WASHINGTON — The Securities and Exchange Commission issued a finding Monday that the former BankAmerica Corp. “improperly accounted for a business relationship” with the investment banking firm D.E. Shaw & Co. LP and made “misleading filings” about the market risks of the relationship.

Without admitting the finding, Bank of America Corp. of Charlotte, N.C., which bought the old BankAmerica and took a variant of its name, entered into a cease-and-desist settlement with the SEC. No fines were imposed, nor did the SEC name any employees responsible.

At issue was a 1997 business partnership with D.E. Shaw, of New York, in which BankAmerica received a portion of the profits generated by securities and derivatives trading that D.E. Shaw conducted on behalf of its customers.

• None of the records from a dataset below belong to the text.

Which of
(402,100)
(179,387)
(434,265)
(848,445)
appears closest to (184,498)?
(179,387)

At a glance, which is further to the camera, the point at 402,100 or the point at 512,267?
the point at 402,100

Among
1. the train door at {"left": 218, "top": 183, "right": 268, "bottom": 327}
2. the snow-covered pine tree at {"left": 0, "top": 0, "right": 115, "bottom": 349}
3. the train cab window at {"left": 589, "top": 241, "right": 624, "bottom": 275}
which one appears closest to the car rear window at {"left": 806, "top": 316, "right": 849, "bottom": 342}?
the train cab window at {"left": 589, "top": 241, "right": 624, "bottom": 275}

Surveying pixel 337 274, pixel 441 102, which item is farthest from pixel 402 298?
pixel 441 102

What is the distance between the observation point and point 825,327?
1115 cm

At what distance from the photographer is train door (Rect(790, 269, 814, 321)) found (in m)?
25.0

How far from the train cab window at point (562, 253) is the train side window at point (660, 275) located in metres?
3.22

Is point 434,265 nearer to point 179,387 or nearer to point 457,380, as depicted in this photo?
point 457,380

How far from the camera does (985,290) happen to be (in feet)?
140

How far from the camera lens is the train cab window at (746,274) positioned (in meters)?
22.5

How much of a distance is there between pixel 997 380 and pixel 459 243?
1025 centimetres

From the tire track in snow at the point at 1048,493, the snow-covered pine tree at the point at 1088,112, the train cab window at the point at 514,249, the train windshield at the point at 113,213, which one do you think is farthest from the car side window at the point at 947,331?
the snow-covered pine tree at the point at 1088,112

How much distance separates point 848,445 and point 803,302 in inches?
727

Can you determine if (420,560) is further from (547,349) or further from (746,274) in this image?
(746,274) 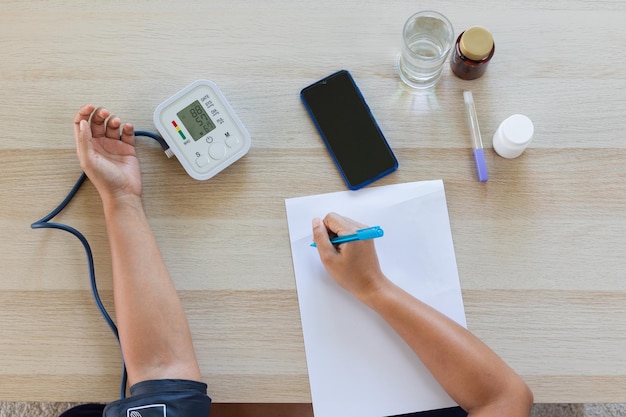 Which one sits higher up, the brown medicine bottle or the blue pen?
the brown medicine bottle

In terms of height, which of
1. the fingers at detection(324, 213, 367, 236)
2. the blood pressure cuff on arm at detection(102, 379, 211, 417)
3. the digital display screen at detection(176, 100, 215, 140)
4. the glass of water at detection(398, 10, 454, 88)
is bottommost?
the blood pressure cuff on arm at detection(102, 379, 211, 417)

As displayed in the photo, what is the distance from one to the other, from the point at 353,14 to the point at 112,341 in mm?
569

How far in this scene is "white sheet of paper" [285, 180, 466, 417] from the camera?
27.0 inches

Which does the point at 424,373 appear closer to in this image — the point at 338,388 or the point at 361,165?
→ the point at 338,388

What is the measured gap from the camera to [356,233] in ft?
2.12

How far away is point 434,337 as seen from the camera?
0.67 meters

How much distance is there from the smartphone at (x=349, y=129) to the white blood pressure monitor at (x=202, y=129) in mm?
110

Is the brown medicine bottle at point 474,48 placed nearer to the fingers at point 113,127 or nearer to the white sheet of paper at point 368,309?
the white sheet of paper at point 368,309

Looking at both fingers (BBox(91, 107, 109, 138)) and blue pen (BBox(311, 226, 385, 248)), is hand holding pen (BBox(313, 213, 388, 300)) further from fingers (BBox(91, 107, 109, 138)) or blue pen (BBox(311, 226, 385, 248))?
fingers (BBox(91, 107, 109, 138))

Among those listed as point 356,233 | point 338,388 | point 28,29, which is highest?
point 28,29

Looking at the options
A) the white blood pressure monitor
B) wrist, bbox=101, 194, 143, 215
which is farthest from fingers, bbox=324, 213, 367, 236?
wrist, bbox=101, 194, 143, 215

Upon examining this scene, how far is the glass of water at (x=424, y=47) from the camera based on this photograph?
2.31 ft

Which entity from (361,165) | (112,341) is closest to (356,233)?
(361,165)

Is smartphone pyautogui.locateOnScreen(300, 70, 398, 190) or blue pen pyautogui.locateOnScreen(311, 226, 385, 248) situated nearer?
blue pen pyautogui.locateOnScreen(311, 226, 385, 248) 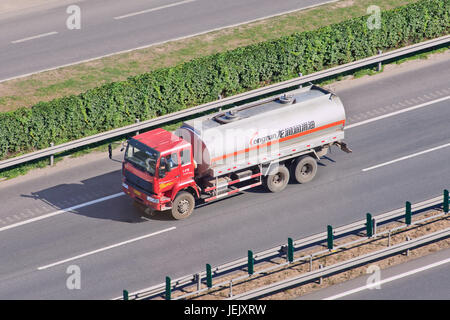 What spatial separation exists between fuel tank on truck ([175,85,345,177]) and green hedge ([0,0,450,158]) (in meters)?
5.74

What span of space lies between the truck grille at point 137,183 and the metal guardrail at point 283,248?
13.5ft

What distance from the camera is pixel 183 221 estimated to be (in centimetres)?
3478

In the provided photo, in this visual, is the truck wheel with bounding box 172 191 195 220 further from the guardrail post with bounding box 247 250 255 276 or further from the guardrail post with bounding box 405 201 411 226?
the guardrail post with bounding box 405 201 411 226

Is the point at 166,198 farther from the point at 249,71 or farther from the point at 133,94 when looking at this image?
the point at 249,71

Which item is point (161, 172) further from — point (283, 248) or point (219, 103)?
point (219, 103)

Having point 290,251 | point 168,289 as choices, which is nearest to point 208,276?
point 168,289

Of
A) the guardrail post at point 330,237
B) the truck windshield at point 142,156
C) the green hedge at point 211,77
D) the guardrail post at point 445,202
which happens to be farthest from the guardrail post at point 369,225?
the green hedge at point 211,77

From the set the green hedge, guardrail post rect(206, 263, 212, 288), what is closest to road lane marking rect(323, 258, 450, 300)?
guardrail post rect(206, 263, 212, 288)

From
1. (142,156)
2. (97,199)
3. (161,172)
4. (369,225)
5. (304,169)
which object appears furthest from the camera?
(304,169)

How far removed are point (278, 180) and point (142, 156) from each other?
544 centimetres

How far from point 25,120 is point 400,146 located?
1504cm

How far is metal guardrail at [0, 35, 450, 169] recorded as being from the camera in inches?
1492

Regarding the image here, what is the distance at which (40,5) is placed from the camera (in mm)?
50156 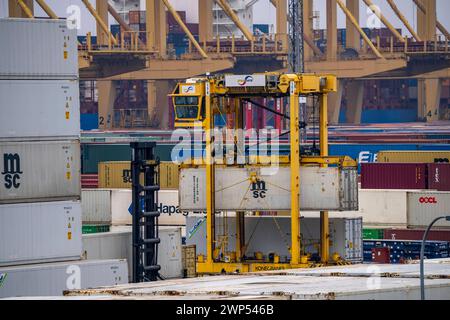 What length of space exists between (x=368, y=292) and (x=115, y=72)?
9752 centimetres

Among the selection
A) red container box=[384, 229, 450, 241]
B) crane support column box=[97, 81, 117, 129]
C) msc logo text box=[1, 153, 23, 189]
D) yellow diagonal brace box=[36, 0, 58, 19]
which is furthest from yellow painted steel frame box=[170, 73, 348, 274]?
crane support column box=[97, 81, 117, 129]

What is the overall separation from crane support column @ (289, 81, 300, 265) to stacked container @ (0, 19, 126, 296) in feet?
29.3

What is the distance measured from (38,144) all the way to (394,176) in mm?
29662

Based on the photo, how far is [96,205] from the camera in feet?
210

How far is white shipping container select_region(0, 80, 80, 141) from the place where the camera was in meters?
41.0

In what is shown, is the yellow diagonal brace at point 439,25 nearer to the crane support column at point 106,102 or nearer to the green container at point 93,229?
the crane support column at point 106,102

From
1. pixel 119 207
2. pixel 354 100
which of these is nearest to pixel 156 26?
pixel 354 100

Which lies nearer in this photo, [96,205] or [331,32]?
[96,205]

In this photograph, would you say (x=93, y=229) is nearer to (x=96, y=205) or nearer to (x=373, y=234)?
(x=96, y=205)

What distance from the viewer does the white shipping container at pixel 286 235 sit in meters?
49.7

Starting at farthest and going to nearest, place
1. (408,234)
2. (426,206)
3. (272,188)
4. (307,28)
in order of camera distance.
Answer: (307,28) → (408,234) → (426,206) → (272,188)

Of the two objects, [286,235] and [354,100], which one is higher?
[354,100]

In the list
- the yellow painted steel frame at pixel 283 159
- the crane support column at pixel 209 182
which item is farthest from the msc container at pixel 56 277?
the yellow painted steel frame at pixel 283 159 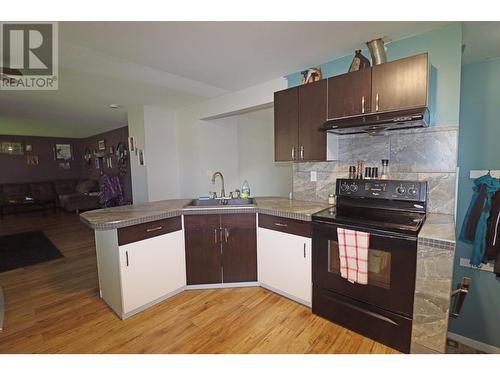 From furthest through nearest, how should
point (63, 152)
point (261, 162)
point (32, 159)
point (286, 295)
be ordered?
point (63, 152), point (32, 159), point (261, 162), point (286, 295)

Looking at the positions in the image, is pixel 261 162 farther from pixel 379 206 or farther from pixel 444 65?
pixel 444 65

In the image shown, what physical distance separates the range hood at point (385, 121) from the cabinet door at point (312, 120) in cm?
16

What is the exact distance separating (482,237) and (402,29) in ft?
6.71

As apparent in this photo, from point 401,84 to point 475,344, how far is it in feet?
8.78

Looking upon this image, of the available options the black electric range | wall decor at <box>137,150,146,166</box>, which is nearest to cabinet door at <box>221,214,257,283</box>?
the black electric range

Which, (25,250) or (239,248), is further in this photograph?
(25,250)

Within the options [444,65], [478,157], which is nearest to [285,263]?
[444,65]

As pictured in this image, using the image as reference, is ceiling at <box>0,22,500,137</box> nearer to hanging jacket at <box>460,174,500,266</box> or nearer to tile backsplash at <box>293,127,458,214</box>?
tile backsplash at <box>293,127,458,214</box>

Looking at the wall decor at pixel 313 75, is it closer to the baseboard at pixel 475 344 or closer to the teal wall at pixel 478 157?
the teal wall at pixel 478 157

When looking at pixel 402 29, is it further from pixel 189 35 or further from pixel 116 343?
pixel 116 343

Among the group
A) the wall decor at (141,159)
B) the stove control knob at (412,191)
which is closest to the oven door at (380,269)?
the stove control knob at (412,191)

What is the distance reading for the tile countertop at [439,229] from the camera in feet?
4.57

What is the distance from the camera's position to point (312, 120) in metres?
2.26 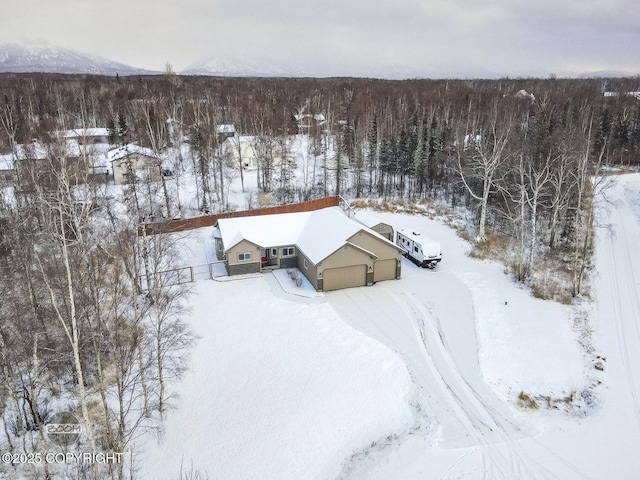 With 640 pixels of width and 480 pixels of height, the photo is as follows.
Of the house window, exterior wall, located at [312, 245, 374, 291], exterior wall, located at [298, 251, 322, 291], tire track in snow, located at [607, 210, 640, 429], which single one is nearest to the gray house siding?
the house window

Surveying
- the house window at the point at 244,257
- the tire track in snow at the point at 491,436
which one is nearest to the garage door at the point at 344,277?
the house window at the point at 244,257

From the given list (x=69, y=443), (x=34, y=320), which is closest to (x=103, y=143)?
(x=34, y=320)

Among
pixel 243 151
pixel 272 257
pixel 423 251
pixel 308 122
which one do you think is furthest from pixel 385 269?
pixel 308 122

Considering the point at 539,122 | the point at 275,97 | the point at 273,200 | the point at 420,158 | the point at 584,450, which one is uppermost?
the point at 275,97

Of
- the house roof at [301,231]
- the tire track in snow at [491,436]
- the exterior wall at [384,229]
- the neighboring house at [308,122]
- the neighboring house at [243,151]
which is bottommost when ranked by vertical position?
the tire track in snow at [491,436]

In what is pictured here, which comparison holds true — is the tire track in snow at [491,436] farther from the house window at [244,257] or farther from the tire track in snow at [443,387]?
the house window at [244,257]

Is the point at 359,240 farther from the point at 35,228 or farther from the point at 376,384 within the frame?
the point at 35,228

According to the SEC, BankAmerica treated the deal as a loan for financial reporting and accounting purposes. But the commission said in the finding that it “had substantially the risk characteristics of an equity investment rather than a loan.” It said that the banking company should have used the equity method of accounting and recorded the deal as an investment.

Bank of America Corp. issued a statement reading, “While the commission found that the predecessor institution violated certain provisions of the securities laws, it did not find there was any bad faith or that anyone acted in a manner intended to defraud or deceive investors. In the end, this matter was about judgments on accounting and disclosure issues concerning a novel and complex strategic relationship between the predecessor company and D.E. Shaw, and the SEC took issue with those judgments.”